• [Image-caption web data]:
● ● ● ● ●
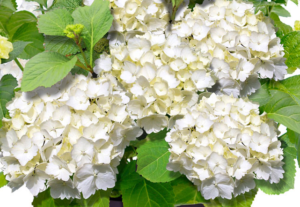 Hydrangea Forever&Ever White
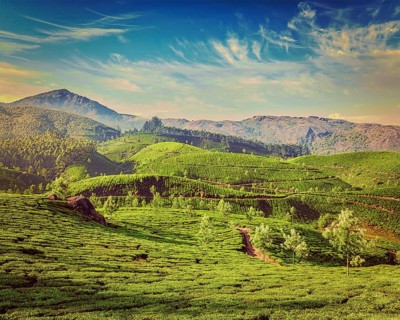 Kerala India travel background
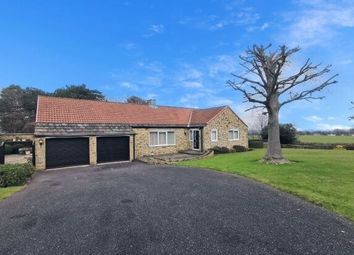 Thumbnail 4 bed bungalow to rent in Martin Grove, Wakefield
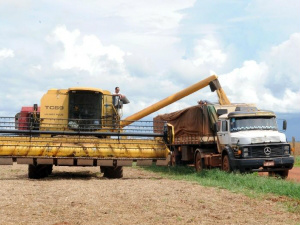 Conab prevê safra recorde de grãos este ano, de 186 milhões de toneladas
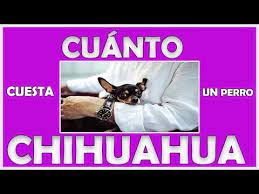 Cuanto Cuesta Un Perro Chihuahua Precio Aproximado Youtube Perros Chihuahua Chihuahua Perros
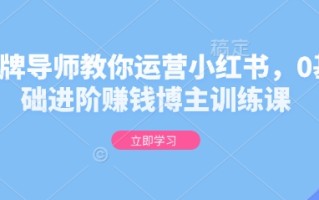 金牌导师教你运营小红书，0基础进阶赚钱博主训练课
● ● ● ● ●
• [HOW TO COMPLETE THIS TASK]: What must be output is the exact run of lines from the one holding "Kerala India travel background" through the end of the entries above, both ends included, minus the pictures.

• [EXERCISE OUTPUT]:
 Kerala India travel background
 Thumbnail 4 bed bungalow to rent in Martin Grove, Wakefield
 Conab prevê safra recorde de grãos este ano, de 186 milhões de toneladas
 Cuanto Cuesta Un Perro Chihuahua Precio Aproximado Youtube Perros Chihuahua Chihuahua Perros
 金牌导师教你运营小红书，0基础进阶赚钱博主训练课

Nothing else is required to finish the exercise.